* WHAT TO DO *
When copying the data below, keep only the lines from the one with "Number two S" through the one with "Plus enjoy these", word for word, and skip the pictures.

===== DATA PROVIDED =====

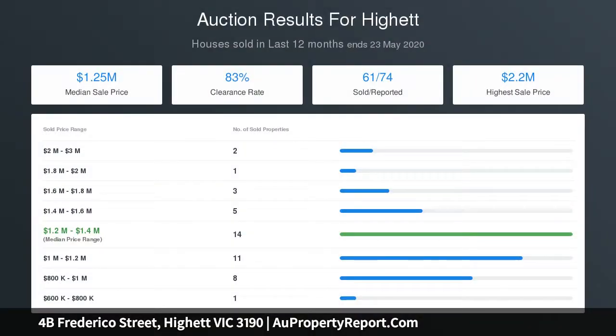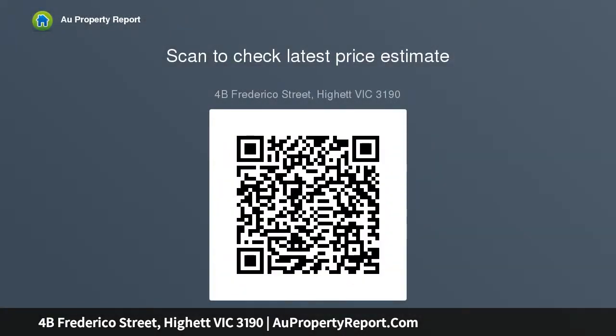A ground floor master bedroom with walk-through robe and ensuite will prove popular with downsizers, whilst the grand master is situated upstairs — a place so sublime you will never want to leave.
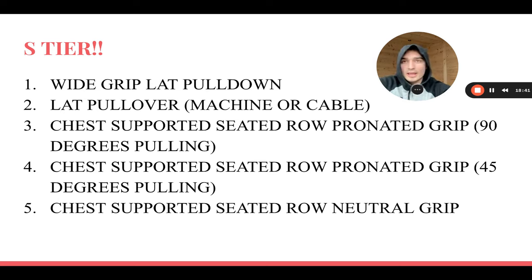Number two S tier: the lat pullover — either a cable rope lat pullover or the dedicated machine. The cable rope lat pullover is insane once you get good at it. It's hard to develop the mind-muscle connection at first, but once you do it's very effective at targeting your upper lats — the squeeze is incredible, the pump is great, the tension is great. It's probably the most isolationist movement for your lats. Wide-grip lat pulldown hits your lower and upper lats; the pullover especially hits your upper lats, creating that cobra flare if you want wider lats.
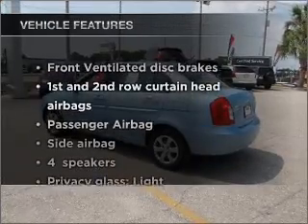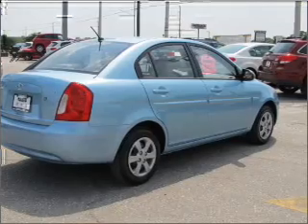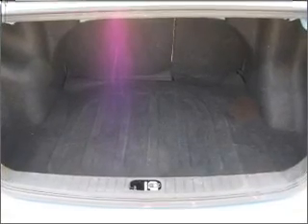Plus enjoy these notable features that are included in this vehicle: air conditioning, power steering, and AM FM stereo with a CD player. Call today to schedule a test drive.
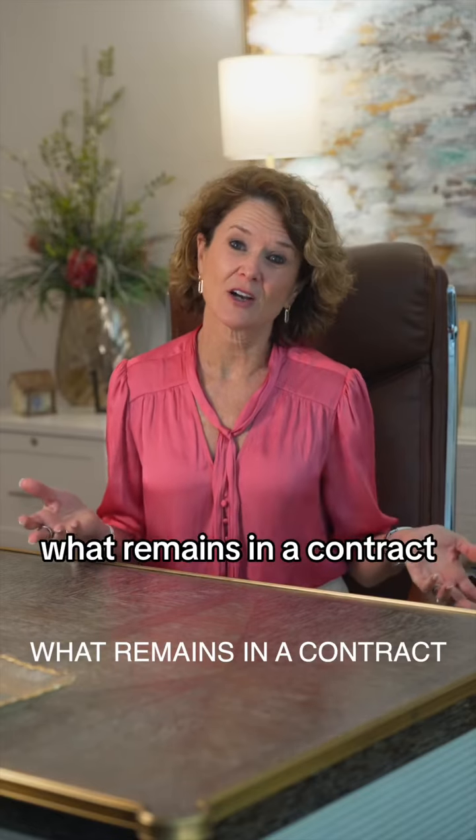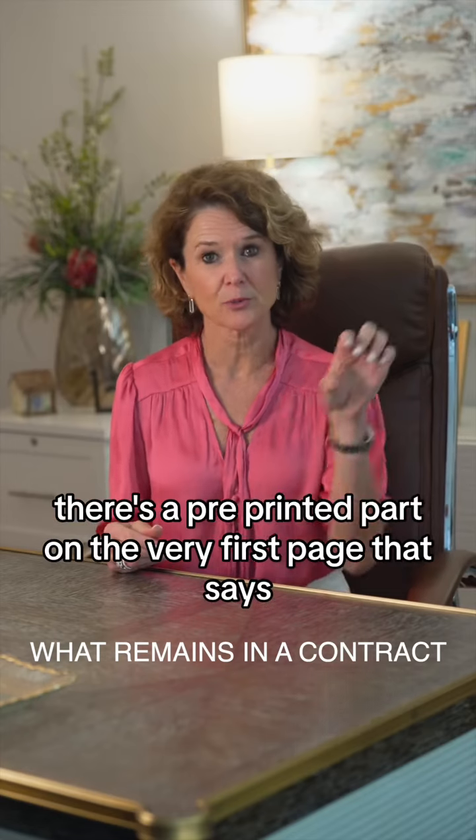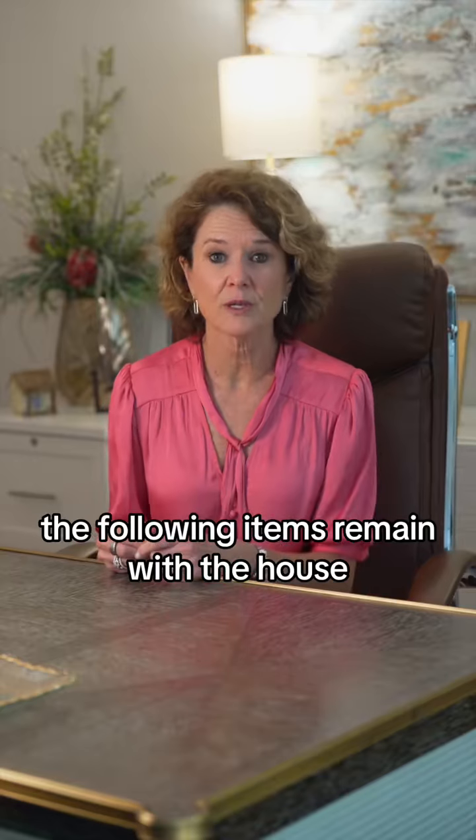The question is: what remains in a contract? If you're a seller or buyer in the Tennessee contract, there's a pre-printed part on the very first page that says the following items remain with the house.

=====

* FINAL ANSWER *
Number two S tier: the lat pullover — either a cable rope lat pullover or the dedicated machine. The cable rope lat pullover is insane once you get good at it. It's hard to develop the mind-muscle connection at first, but once you do it's very effective at targeting your upper lats — the squeeze is incredible, the pump is great, the tension is great. It's probably the most isolationist movement for your lats. Wide-grip lat pulldown hits your lower and upper lats; the pullover especially hits your upper lats, creating that cobra flare if you want wider lats.
Plus enjoy these notable features that are included in this vehicle: air conditioning, power steering, and AM FM stereo with a CD player. Call today to schedule a test drive.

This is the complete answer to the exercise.